WITH the advent of information communications technology (ICT), children are now easy prey to predators in the borderless sex trade that is continuously expanding via the World Wide Web, thereby necessitating a multisectoral cooperation to resolve this social menace, revealed the study commissioned by Plan International Philippines (PIP).

Dubbed “Children and the Sex Trade in the Digital Age: Commercial Sexual Exploitation of Children (CSEC) in Metro Manila”, the research highlighted that social media, Internet accessibility and cheaper technology are providing new pathways to the sex trade.

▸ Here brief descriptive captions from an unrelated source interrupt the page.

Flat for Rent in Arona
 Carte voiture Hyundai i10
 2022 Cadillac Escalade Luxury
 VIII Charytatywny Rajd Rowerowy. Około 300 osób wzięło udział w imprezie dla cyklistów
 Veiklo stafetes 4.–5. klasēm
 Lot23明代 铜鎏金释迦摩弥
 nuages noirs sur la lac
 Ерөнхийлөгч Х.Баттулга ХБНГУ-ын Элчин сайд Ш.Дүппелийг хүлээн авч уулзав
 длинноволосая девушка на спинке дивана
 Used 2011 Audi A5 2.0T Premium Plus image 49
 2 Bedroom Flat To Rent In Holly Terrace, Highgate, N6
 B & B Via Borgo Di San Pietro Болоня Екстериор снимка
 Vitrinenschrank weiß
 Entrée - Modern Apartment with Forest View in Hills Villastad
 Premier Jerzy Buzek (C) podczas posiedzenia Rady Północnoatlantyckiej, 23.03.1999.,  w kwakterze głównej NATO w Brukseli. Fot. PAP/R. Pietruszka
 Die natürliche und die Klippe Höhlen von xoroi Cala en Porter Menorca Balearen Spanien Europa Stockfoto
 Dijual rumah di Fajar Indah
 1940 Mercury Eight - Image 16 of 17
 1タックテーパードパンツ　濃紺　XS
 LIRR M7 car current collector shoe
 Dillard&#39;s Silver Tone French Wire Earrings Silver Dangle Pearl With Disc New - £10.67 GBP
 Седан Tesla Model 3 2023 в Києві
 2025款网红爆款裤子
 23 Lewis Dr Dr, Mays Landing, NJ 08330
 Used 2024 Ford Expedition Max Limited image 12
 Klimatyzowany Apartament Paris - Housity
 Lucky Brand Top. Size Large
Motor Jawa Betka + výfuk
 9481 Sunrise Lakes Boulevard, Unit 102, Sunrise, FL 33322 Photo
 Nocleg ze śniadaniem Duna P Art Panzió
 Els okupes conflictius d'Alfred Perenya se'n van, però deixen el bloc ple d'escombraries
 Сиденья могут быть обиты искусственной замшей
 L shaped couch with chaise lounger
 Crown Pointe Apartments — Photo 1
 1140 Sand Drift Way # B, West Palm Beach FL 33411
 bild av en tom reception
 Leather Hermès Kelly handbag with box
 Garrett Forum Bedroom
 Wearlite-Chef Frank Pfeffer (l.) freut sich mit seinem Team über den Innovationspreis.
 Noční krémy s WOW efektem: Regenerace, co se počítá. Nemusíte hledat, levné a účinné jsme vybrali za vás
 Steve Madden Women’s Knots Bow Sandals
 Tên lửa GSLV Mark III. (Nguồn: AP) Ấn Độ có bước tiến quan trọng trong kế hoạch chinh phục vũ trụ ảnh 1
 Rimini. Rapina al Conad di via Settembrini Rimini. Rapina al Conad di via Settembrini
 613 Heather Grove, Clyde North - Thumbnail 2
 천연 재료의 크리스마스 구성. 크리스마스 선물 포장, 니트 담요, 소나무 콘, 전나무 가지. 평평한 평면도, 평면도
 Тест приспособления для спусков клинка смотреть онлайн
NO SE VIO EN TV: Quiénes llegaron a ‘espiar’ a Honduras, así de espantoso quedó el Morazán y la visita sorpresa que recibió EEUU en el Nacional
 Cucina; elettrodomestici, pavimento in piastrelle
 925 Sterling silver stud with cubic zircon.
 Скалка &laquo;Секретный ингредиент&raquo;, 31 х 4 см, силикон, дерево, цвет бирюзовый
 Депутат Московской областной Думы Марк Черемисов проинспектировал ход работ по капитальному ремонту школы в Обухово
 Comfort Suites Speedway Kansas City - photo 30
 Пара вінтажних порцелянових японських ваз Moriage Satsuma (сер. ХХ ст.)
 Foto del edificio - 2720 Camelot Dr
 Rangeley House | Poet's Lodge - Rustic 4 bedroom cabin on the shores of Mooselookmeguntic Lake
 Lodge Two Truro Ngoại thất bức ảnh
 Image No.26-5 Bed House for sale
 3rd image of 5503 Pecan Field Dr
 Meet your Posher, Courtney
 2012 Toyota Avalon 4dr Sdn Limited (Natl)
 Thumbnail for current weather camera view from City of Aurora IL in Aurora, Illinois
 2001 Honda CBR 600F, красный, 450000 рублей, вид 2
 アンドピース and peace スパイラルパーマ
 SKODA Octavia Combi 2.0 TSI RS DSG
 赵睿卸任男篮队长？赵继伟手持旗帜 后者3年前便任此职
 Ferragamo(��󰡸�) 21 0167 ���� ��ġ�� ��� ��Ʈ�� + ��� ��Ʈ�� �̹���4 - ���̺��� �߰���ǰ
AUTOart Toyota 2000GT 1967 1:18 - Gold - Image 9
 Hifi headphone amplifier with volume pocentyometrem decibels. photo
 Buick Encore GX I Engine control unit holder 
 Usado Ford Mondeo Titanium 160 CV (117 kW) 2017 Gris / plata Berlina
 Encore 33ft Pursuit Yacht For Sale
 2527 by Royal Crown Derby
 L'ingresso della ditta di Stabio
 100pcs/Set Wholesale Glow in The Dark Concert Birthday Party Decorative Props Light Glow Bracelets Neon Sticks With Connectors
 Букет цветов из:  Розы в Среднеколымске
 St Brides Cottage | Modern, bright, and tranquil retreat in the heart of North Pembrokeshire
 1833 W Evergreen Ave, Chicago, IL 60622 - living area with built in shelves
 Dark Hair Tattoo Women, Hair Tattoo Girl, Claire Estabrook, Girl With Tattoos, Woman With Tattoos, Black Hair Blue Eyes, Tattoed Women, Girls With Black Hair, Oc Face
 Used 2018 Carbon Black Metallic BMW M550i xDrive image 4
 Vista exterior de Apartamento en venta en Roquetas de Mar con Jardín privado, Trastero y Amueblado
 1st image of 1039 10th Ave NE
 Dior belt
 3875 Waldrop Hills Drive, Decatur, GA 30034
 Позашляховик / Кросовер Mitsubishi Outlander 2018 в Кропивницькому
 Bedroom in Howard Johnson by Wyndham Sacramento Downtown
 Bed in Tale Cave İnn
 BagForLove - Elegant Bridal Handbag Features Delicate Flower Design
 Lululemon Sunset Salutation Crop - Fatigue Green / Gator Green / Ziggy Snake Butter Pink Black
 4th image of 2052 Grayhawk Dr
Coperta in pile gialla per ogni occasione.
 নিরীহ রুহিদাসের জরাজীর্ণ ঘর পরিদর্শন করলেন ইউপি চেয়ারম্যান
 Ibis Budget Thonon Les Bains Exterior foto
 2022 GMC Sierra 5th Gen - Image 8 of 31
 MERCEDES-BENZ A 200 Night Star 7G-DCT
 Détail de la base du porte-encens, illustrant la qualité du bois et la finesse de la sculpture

As the nature of sex industry shifts from being primarily establishment-bound to a virtual online network, this leaves children in countries like the Philippines—one of the world leaders in social-media use—increasingly vulnerable to exploitation and abuse,” said Dennis O’Brien, country director of PIP.
The presence of the Internet has really redefined the nature of sexual abuse of children at present. It now cuts across continents; it’s a borderless crime.
“Child abuse is not new. But the progress and greater access to ICT and the early introduction of this to children make them more vulnerable, thereby aggravating the problem. The absence of the physical contact does not remove it from the definition of abuse,” noted Sheila Estabillo, project manager of PIP.
CSEC is defined as “the use of a child in sexual activities for remuneration or any other form of consideration.” Its three primary and interrelated forms are exploitation of children for prostitution, pornography and trafficking for sexual objectives.
Prostitution, which flourished in the 1970s, continues to be a serious problem in the Philippines, as there is a high incidence of youngsters being exploited, particularly in tourism-related sectors.
“It’s the oldest profession. And so I think elimination is probably our biggest challenge and the most difficult,” said Dr. Elizabeth de Castro, lead researcher and executive director of Psychological Support and Children’s Rights Resource Center.
Overtime, the flesh trade has evolved. From the filthy streets of Ermita and dark alleys of other red-light districts of past decades, selling quickie pleasures has gone virtual nowadays. And this proves to be a growing business, as online sexual exploitation of children (OSEC) alone is reported to be a P1-billion industry today.
“I remember reading about it and then thinking that it’s just only sort of like a peek into the severity and the kind of the gravity of the situation here in the Philippines and the urgency of actions needed for its resolution,” PIP Campaigns and Advocacy Specialist Paulene Santos told the BusinessMirror.
“What’s more intriguing is that in this industry, children are sort of seen as a reusable good. With children, you can abuse them over and over again. That’s why it’s such a lucrative industry,” she added.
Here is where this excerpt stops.